Today will be cold as we head to Uyuni on the edge of Bolivia's salt flats. We start out hitting the black stuff again but after about 100km on Route 1 the road turns to dirt and gravel as we transition to Route 30. On the map this is shown as a main Bolivian road but as we've come to learn this is no indication of the road quality. The road from La Paz to Oruro was in the process of being upgraded to a twin carriageway and we were constantly diverted to dirt tracks running parallel with the main road; but Route 30 to Uyuni made no pretence at being in the 21st century.

On the tarmac section of Route 1 we were able to keep up a fair lick of speed; this, coupled with the cold morning air, meant that even gift wrapped in extra layers we were all feeling the cold. To take my mind off the chill I started singing the song trapped in my head: Manilow's Copacabana! It wasn't long before I was moving and shaking on the bike, tapping my toes at 60mph. This worked wonders and really helped to warm me up. I tried to persuade my buddies to join in but for some reason they were happy to let mad Dom continue his solo performance.

Fresh tarmac where present is very good

The road became harder the further south we headed. In particular the road developed a hard transverse rut pattern. At speed this vibrated the bikes violently, so much so that bits were falling off them. Along with the ruts, sand, gravel and dust, we also had to contend with herds of skittish lamas. These roamed across the roads at random and we had to take special care to slow down as they were known to run in front of traffic when spooked.

Steve Dent navigating the transverse ruts
We stopped in a very picturesque and isolated spot for lunch, a flat pasture of thorny grass with a meandering river in the near distance and a rocky outcrop overlooking us on the other side of the road. We played about with the bikes, posing for shots by the river with snow capped peaks in the far distance and miles and miles of nothing in between.

What a nice spot for lunch, Gerard and Danny
Moving on, the road's hard surface and gravel was also causing punctures; we had three. Two of these punctures were to my front wheel, the last of which occurred on a speedy run where I noticed the front end becoming very vague as I slowed down to meet the assembling group at one of the catch-up stops. This on top of the puncture I'd had the day before, meant that Cory decided to fit a new tyre to replace the soft worn one I had been running on. Cory and Steve Dent were becoming very speedy in replacing inner tubes, but replacing the tyre was much more of a challenge. Once fitted, my bike was instantly upgraded with a much grippier knobbly tyre, great for the sand and mud.

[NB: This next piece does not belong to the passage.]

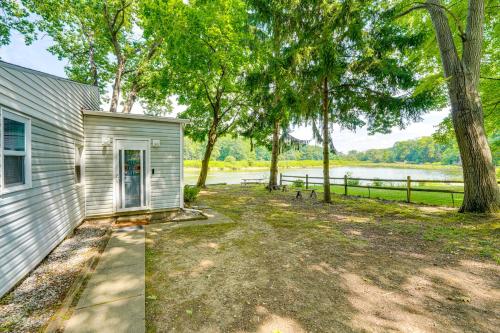 Cozy House on Meadowbrook Lake: Serene, Scenic! in Stow (Ohio)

Cory uses a Mick-powered bike sidestand as a tyre bead breaker - very ingenious!
Despite the grippy new tyre, I manage to fall off in a short muddy section where the mud was unbelievably slippery. Any application of throttle and the bike's rear wheel fish-tailed madly. My only face saving was that Cory was also caught out and like me ended up with an afternoon mud bath. In my fall I managed to trap my thumb, which later became swollen and bruised. That evening Doctor Rosie examined it and concluded no major damage had been done. This is confirmed by no reduction in my BlackBerry key tapping.

After seeing a lone flamingo in a shallow lake (this area is famous for flamingoes), we eventually arrive in Uyuni just as the light is fading. A quick fill of petrol and we're ready for another day. Tomorrow, the salt flats. .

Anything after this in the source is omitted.